*What you are asked to do*. From the listing below, pull out every line where the string "Down" appears.

--- START ---

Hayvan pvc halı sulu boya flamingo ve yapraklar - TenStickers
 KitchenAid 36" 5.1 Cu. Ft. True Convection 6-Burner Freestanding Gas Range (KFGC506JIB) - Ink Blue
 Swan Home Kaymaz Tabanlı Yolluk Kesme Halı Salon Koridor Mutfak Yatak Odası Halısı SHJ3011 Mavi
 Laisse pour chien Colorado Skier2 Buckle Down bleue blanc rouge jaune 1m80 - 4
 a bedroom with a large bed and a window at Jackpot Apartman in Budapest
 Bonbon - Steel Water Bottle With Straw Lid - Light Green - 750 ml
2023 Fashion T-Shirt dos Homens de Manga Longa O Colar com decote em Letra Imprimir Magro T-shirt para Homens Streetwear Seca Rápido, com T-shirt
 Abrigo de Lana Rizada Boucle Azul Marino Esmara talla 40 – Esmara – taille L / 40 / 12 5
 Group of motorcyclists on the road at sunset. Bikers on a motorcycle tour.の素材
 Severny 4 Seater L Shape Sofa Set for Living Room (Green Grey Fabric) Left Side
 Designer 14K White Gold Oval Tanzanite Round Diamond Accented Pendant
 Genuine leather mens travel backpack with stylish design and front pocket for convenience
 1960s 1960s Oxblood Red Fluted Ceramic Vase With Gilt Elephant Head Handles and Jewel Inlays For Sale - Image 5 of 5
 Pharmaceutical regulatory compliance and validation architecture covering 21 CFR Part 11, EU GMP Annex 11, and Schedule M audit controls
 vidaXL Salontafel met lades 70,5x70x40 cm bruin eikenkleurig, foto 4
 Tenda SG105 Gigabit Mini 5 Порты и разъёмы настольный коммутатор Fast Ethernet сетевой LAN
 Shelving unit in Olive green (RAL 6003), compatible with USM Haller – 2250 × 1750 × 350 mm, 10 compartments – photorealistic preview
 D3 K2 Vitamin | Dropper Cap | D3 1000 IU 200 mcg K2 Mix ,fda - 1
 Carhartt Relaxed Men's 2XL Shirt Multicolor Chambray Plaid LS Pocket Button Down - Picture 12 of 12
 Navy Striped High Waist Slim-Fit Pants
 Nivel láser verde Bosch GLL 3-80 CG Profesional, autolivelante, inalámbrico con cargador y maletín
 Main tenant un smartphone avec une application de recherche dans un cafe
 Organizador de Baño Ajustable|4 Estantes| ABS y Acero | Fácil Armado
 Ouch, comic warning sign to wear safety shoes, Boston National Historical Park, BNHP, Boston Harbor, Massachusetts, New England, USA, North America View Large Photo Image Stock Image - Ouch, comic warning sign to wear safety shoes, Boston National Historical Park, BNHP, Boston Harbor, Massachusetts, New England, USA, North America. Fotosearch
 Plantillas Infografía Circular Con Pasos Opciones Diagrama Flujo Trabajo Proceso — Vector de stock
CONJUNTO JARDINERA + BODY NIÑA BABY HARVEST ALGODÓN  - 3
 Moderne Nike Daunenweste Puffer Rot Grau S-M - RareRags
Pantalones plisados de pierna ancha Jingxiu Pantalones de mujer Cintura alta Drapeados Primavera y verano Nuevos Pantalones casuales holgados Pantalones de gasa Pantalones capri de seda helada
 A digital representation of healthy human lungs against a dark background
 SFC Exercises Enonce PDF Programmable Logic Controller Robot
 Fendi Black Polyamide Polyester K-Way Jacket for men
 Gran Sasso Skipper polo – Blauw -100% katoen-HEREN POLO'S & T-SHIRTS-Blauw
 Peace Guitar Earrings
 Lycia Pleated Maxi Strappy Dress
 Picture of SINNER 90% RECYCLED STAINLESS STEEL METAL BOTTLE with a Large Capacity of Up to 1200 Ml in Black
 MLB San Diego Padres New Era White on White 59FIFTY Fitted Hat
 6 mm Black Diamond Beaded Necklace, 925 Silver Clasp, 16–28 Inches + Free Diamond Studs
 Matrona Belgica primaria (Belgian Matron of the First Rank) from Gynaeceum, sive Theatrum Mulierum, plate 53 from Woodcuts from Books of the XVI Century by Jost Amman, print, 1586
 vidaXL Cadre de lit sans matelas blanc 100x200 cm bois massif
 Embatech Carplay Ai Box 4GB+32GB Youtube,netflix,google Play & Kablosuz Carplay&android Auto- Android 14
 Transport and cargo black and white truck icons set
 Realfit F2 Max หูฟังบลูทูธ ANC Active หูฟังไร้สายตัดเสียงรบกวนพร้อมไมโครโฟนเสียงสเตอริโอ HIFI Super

--- END ---

*Answer to the problem*.
 Laisse pour chien Colorado Skier2 Buckle Down bleue blanc rouge jaune 1m80 - 4
 Carhartt Relaxed Men's 2XL Shirt Multicolor Chambray Plaid LS Pocket Button Down - Picture 12 of 12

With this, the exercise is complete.